On Wed, Jul 5, 2017 at 9:20 AM, Linus Torvalds
<torva...@linux-foundation.org> wrote:
> On Wed, Jul 5, 2017 at 9:15 AM, Andy Lutomirski <l...@kernel.org> wrote:
>> On Wed, Jul 5, 2017 at 7:23 AM, Michal Hocko <mho...@kernel.org> wrote:
>>>
>>> This is really worrying. This doesn't look like a gap at all. It is a
>>> mapping which actually contains a code and so we should absolutely not
>>> allow to scribble over it. So I am afraid the only way forward is to
>>> allow per process stack gap and run this particular program to have a
>>> smaller gap. We basically have two ways. Either /proc/<pid>/$file or
>>> a prctl inherited on exec. The later is a smaller code. What do you
>>> think?
>>
>> Why inherit on exec?
>
> .. because the whole point is that you have an existing binary that breaks.
>
> So you need to be able to wrap it in "let's lower the stack gap, then
> run that known-problematic binary".
>
> If you think the problem is solved by recompiling existing binaries,
> then why are we doing this kernel hack to begin with? The *real*
> solution was always to just fix the damn compiler and ABI.

That's not what I was suggesting at all.  I was suggesting that, if
we're going to suggest a new API, that the new API actually be sane.

>
> That *real* solution is simple and needs no kernel support at all.
>
> In other words, *ALL* of the kernel work in this area is purely to
> support existing binaries. Don't overlook that fact.

Right.  But I think the approach that we're all taking here is a bit
nutty.  We all realize that this issue is a longstanding *GCC* bug
[1], but we're acting like it's a Big Deal (tm) kernel bug that Must
Be Fixed (tm) and therefore is allowed to break ABI.  My security hat
is normally pretty hard-line, but I think it may be time to call BS.

Imagine if Kees had sent some symlink hardening patch that was
default-on and broke a stock distro.  Or if I had sent a vsyscall
hardening patch that broke real code.  It would get reverted right
away, probably along with a diatribe about how we should have known
better.  I think this stack gap stuff is the same thing.  It's not a
security fix -- it's a hardening patch.

Looking at it that way, I think a new inherited-on-exec flag is nucking futs.

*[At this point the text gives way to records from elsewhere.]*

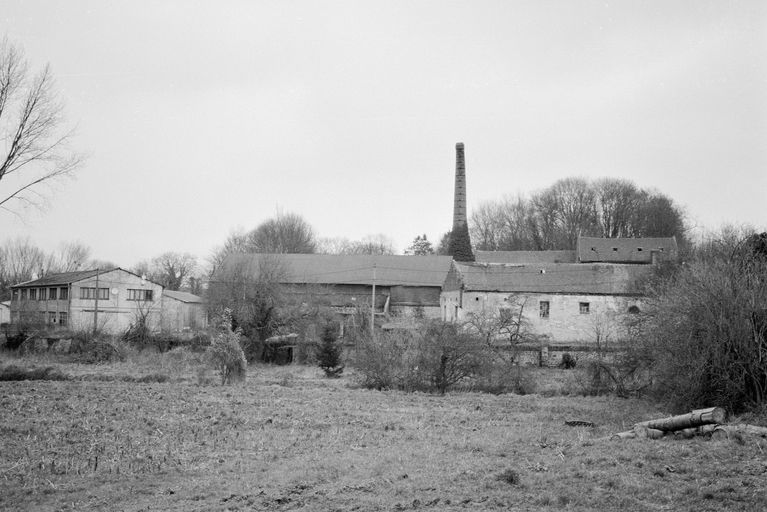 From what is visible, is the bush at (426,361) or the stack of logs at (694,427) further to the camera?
the bush at (426,361)

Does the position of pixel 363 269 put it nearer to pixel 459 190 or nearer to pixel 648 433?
pixel 459 190

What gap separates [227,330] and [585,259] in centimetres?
5024

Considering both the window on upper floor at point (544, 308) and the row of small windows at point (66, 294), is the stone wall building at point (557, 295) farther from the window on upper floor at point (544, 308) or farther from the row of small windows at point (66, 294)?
the row of small windows at point (66, 294)

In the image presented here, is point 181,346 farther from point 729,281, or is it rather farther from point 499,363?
point 729,281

I'm starting to think that the right approach is to mostly revert all
this stuff (the execve fixes are fine).  Then start over and think
about it as hardening.  I would suggest the following approach:

 - The stack gap is one page, just like it's been for years.
 - As a hardening feature, if the stack would expand within 64k or
whatever of a non-MAP_FIXED mapping, refuse to expand it.  (This might
have to be a non-hinted mapping, not just a non-MAP_FIXED mapping.)
The idea being that, if you deliberately place a mapping under the
stack, you know what you're doing.  If you're like LibreOffice and do
something daft and are thus exploitable, you're on your own.
 - As a hardening measure, don't let mmap without MAP_FIXED position
something within 64k or whatever of the bottom of the stack unless a
MAP_FIXED mapping is between them.

And that's all.  It's not like a 64k gap actually fixes these bugs for
real -- it just makes them harder to exploit.

[1] The code that GCC generates for char buf[bug number] and alloca()
is flat-out wrong.  Everyone who's ever thought about it all all knows
it and has known about it for years, but no one cared to fix it.